I have also stayed in contact with colleagues and students at the ENS and the University of Algiers. One of the things that emerged when I was carrying out interviews with students was that they were really interested in exploring the relationship between history and memory. Since 2010, with funding from the British Academy, we have held a number of workshops in Portsmouth, Algiers, and Dakar—with colleagues and students from the University of Portsmouth, the ENS, the University of Algiers, and the University of Dakar—on history and memory, and in particular, the methodology of oral history. One of the outputs of this project will be a collaboratively-written, online, open access oral history manual in French, Arabic, and English. The production of this is being coordinated in large part by our current intake of students into the University of Portsmouth MA Francophone Africa, a postgraduate course that focuses on the study of the history, politics, and society of those vast areas of the African continent that were previously under French colonial rule and that are today referred to through the generic term “Francophone Africa.”

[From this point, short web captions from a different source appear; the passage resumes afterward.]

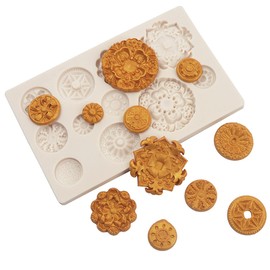 Baroque Gemstone Fondant Molds, Embossed Cupcake Decorating Molds, Jewelry Candy Silicone Molds for Wedding Dessert Setting, Sugar Craft, Cookies, Gum, Flower Paste, Marzipan, Polymer Clay, Epoxy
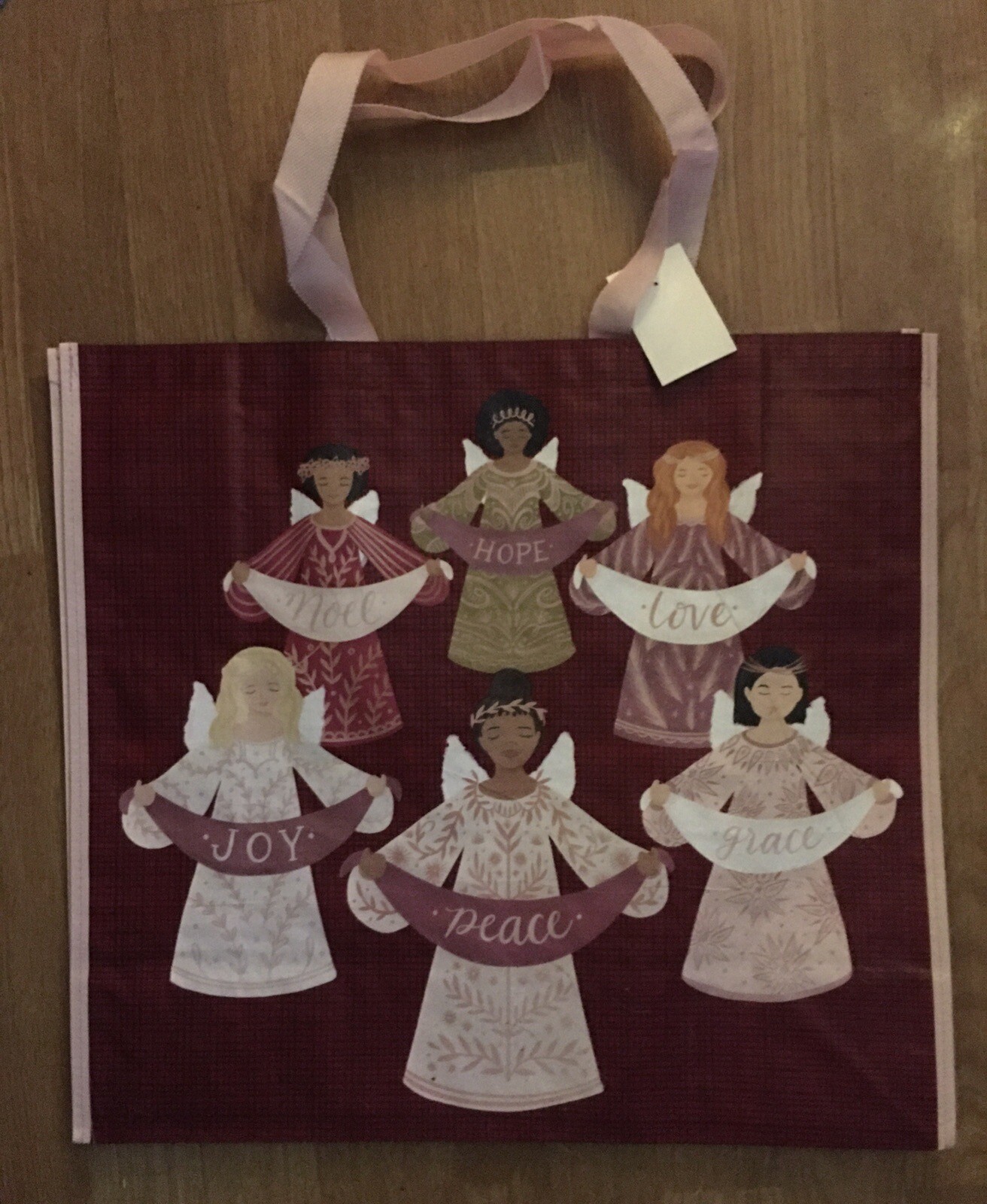 HOLIDAY ANGELS~Xmas PEACE~LOVE~HOPE~Reusable LargeShopping Bag~EcoTote Marshalls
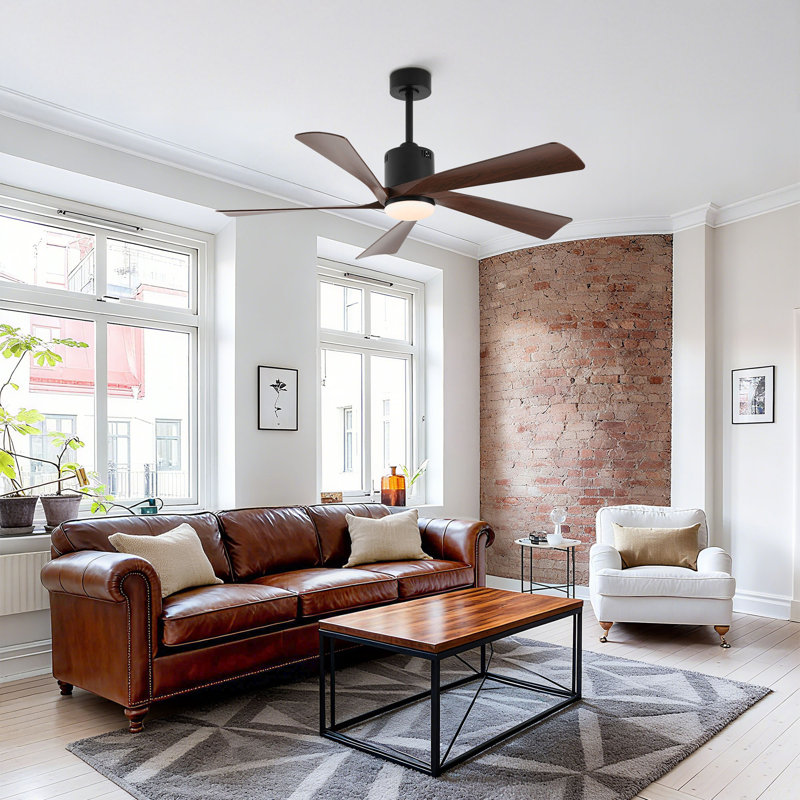 52" 5-Blade Modern LED Ceiling Fan with Light Kit and Remote Control, Dark Brown Wood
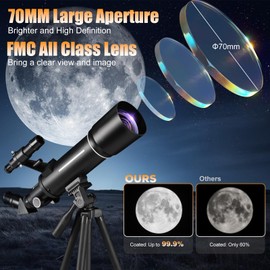 Telescope, Telescopes for Adults Astronomy, 70mm Aperture 400mm Refractor Telescope for Astronomy Beginners,Tripod & Phone Adapter, Portable Telescopes Backpack, Cool Astronomy Gifts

Excerpt from “Saintly Grandmothers: Youth Reception and Reinterpretation of the National Past in Contemporary Algeria”
The survey consisted of interviews and questionnaires with ninety-five trainee teachers studying all five humanities subjects taught at the ENS in Bouzaréah (History-Geography, English, French, Philosophy, and Arabic Literature). There was a particular focus on history students (sixty-one out of ninety-five interviewees) as this is the group which will play a crucial role in transmitting knowledge about the past to primary and secondary school children. Becoming a teacher in Algeria is not a career path which carries notable social capital or a particularly attractive salary. Within the hierarchy of academic subject areas, history is far from possessing an enviable status. As James McDougall underlines, although the close relationship between historical legitimacy and political power generates “a consistently pressing preoccupation with the representation of the past” in the public sphere, with debates relayed through a vociferous independent press, “History as an intellectual discipline and profession…has a decidedly subordinate social status.”[1] Many of the history students whom I interviewed had not chosen to study history. In the complex system of university admissions in Algeria, students make a number of choices. For many of interviewees, history was ranked very low (or was absent from) their list of options. However, due to a combination of lower baccalaureate average, a lack of personal ties to a well-placed “contact” who could use his/her influence to get a student on a “better” course and, perhaps most significantly, limited French language skills—the compulsory education system in Algeria is entirely Arabicized, but prestigious scientific subjects remain taught in French at university level—many students were allocated history.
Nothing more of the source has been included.